В этот раз лев не стал останавливаться, он звучно рыкнул на собаку, приподняв губу, из-под которой блеснул желтый клык, и в глазах его мерцало раздражение. Я очень хотел позвать Сильку, крикнуть: «Ко мне, Силечка!», чтобы он прыгнул ко мне, чтобы одну секунду был счастлив от того, что его любят, что он не должен умирать один, что пусть я не смогу его защитить, но умру рядом. Но я не мог, губы мои пересохли, как пересохло во мне все, все мое естество отказалось от жизни, кроме легких, гоняющих воздух сквозь стиснутые губы.

Я думаю, пес очень ждал этого окрика, этой команды от меня, он весь сжался, и только его одиноко торчащее ухо развернулось ко мне и слушало, пытаясь услышать хоть какой-то намек, но я молчал. И тогда пес перестал сжиматься и надеяться. На моих глазах собака расправила свою грудь, ее лапы спокойно распрямились, и я понял, что собака успокоилась. А потом Силя повернул ко мне свою морду, посмотрел на меня, весело так, лизнул свой нос, подмигнул так, как только он умеет и, звонко лая, побежал навстречу льву.

Надеюсь, я кричал. Слезы брызнули ручьем, а душу рвали боль и обида. В голове стучала одна мысль: «Зачем?», а губы послушно кривились, выводя так нужное чуть раньше: «Силечка, ко мне!». Слезы почти лишили меня зрения, но я видел глаза льва, и в них было сообщение: «Будут биты все». Силька завизжал больно, страшно и долго. Я должен был кричать, обязан.

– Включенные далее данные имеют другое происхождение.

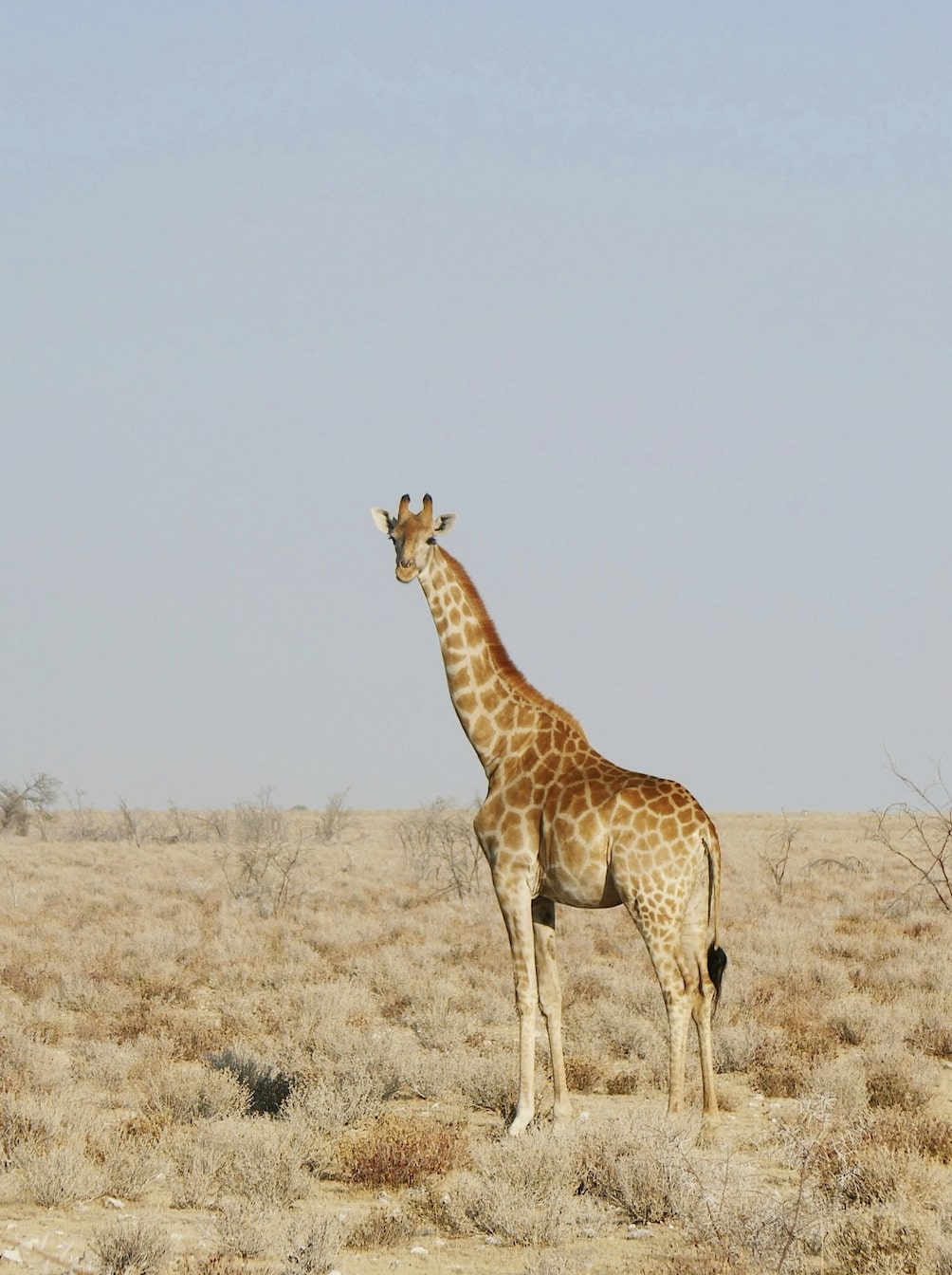 Estohsa National Park in Namibia.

Позднее, когда мне показали видеозапись, я узнал, что ничего я не кричал. В тот момент, когда моя собака пошла умирать за меня, я упал, свернулся клубком и тихонько заплакал, как маленькое дитя.

глава 12

– Знаешь, Александр, я бы помер на твоем месте, – Егорыч смотрел на меня широко раскрытыми глазами, полными восхищения, – ну, если бы не помер, то точно обделался бы!

Второй раз меня навещал мой начальник в больнице и второй раз восхищенно смаковал события моей встречи со львом.

– Я, когда первый раз запись смотрел, чуть не надудонил в штаны, – Емельянов продолжал свой монолог, при этом свои слова он сопровождал уймой движений. Он махал руками, приподнимаясь на носочки, в момент, когда руки резко взлетали вверх, кружился вокруг своей оси, как будто танцуя, и приседал.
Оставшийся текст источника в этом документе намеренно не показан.